Task description: Among the records below, find each line containing the word "Vintage" and copy it.

Supplied information:

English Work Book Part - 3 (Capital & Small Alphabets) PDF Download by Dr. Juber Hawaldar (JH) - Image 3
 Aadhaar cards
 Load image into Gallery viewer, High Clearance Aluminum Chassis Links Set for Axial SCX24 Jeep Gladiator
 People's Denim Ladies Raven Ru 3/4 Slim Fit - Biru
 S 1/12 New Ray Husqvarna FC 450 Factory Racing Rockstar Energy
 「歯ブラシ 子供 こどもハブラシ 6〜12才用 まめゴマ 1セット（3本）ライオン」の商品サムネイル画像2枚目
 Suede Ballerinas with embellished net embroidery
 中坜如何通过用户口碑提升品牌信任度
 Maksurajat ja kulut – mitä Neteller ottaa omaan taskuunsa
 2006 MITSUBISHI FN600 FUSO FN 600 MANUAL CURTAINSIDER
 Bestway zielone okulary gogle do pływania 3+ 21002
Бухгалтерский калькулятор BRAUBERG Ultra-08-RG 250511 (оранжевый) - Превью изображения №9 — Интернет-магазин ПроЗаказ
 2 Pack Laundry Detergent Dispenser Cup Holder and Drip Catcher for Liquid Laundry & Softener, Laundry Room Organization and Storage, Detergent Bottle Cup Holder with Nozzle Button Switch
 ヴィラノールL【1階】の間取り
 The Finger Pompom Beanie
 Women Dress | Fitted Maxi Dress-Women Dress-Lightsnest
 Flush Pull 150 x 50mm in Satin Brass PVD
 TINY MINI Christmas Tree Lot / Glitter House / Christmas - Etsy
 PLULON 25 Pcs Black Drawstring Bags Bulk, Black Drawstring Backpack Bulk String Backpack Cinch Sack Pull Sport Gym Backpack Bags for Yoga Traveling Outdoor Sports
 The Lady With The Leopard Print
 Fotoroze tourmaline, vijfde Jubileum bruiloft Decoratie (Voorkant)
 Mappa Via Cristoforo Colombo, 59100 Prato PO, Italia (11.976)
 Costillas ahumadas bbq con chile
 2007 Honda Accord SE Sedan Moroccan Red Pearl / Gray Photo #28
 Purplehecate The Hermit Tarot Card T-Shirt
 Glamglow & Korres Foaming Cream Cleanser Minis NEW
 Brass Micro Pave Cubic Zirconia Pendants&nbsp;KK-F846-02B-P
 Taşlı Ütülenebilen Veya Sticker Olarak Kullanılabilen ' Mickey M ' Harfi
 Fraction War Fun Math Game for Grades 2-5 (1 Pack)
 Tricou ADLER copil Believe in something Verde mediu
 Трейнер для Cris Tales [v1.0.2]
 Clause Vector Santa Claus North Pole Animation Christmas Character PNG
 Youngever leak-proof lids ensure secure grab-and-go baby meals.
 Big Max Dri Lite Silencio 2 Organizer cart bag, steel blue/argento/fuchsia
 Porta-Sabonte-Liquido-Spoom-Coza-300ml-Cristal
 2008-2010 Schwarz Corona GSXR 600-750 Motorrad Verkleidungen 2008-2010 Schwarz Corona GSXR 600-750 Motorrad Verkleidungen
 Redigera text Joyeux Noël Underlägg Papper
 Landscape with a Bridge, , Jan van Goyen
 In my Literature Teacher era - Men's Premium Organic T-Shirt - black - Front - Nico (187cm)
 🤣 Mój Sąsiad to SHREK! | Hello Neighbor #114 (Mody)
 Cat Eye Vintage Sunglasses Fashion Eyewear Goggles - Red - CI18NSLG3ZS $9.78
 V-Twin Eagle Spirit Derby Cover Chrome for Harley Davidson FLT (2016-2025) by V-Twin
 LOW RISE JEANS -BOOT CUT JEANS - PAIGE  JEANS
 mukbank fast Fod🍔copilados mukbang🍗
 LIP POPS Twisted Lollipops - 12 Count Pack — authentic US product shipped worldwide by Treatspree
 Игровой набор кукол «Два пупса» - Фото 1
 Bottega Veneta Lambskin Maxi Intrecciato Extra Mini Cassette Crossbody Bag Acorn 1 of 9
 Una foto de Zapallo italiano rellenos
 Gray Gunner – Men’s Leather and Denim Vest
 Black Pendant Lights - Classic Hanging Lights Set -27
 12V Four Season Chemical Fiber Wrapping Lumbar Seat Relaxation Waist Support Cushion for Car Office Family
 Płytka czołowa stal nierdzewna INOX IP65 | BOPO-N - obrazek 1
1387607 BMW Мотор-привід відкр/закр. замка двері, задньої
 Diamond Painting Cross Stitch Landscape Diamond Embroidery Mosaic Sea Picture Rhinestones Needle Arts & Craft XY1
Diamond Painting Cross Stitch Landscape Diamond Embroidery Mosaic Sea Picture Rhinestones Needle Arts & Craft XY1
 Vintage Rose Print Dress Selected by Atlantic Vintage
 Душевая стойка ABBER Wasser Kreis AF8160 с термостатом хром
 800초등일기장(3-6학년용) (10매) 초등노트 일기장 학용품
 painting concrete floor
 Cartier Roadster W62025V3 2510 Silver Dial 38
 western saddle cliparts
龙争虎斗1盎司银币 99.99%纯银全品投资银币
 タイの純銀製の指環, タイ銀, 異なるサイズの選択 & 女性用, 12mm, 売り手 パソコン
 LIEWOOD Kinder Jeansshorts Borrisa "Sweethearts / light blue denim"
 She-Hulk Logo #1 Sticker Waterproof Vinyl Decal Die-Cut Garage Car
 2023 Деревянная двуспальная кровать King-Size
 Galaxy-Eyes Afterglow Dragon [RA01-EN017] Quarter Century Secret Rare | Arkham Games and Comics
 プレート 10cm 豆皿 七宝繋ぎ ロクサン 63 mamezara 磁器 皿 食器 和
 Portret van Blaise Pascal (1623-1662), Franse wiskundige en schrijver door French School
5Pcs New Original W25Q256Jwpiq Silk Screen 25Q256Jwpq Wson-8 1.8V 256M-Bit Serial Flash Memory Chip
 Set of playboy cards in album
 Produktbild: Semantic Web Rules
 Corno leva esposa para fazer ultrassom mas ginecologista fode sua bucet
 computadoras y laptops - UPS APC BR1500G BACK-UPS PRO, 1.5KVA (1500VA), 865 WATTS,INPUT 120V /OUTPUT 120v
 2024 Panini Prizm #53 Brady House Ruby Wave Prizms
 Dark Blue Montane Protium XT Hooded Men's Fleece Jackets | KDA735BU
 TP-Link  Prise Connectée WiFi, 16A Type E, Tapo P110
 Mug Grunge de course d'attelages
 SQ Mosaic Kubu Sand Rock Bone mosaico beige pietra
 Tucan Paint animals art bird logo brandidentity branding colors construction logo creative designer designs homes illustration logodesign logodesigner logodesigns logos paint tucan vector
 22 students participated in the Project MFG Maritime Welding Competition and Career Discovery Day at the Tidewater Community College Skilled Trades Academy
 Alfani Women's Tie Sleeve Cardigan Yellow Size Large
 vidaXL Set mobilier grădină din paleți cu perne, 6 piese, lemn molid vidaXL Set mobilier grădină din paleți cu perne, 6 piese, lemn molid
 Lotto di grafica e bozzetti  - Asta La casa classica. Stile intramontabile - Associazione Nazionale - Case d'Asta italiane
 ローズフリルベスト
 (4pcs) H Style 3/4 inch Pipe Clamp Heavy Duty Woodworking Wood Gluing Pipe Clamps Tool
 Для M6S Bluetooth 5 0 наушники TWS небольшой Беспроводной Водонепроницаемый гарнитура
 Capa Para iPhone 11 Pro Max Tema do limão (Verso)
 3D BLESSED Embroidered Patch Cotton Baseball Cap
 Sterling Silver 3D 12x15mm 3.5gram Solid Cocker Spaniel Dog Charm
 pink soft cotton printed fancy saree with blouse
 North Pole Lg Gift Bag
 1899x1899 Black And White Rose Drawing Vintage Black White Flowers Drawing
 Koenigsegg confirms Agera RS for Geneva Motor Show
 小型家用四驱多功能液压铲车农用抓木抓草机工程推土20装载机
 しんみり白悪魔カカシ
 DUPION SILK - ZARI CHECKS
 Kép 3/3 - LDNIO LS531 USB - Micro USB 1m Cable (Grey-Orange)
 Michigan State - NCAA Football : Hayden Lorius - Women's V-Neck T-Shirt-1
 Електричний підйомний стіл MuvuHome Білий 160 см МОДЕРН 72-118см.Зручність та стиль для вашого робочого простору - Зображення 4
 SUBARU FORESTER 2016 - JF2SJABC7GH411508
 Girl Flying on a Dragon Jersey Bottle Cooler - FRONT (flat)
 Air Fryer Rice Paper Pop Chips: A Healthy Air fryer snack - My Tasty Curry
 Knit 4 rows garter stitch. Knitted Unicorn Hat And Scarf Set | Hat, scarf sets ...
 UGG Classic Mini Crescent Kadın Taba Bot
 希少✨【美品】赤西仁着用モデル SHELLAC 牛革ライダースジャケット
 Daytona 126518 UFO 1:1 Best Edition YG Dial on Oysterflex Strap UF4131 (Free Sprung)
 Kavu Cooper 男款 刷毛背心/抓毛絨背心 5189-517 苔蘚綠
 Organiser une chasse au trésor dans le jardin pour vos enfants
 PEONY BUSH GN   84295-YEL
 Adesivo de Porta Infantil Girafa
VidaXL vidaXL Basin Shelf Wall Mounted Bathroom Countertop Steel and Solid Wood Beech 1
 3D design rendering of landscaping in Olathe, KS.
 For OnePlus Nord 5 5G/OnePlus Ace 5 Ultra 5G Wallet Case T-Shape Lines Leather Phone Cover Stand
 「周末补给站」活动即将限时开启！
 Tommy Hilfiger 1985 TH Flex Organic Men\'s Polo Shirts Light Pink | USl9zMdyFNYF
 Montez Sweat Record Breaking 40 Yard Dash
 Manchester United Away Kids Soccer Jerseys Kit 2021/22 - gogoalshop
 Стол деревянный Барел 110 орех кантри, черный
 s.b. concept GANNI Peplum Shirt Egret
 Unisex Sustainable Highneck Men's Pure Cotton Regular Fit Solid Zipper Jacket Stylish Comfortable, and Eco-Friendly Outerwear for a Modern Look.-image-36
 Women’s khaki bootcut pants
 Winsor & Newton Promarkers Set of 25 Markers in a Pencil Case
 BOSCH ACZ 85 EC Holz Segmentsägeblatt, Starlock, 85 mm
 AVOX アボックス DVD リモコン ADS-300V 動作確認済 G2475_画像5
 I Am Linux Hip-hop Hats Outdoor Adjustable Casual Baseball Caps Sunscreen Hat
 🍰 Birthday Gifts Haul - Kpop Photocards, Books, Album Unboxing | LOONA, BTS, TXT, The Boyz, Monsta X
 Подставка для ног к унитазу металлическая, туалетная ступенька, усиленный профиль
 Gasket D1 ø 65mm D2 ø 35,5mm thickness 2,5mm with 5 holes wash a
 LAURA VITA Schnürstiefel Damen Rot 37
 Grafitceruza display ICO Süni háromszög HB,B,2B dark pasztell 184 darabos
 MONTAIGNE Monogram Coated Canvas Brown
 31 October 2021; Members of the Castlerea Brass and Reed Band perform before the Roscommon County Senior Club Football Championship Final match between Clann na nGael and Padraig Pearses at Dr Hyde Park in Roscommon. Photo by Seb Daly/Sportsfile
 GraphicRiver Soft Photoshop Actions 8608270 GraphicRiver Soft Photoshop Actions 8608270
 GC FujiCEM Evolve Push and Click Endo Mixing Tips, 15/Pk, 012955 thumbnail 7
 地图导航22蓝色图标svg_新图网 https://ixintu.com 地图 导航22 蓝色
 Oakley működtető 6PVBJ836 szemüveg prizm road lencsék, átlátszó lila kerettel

Task response:
 Cat Eye Vintage Sunglasses Fashion Eyewear Goggles - Red - CI18NSLG3ZS $9.78
 Vintage Rose Print Dress Selected by Atlantic Vintage
 1899x1899 Black And White Rose Drawing Vintage Black White Flowers Drawing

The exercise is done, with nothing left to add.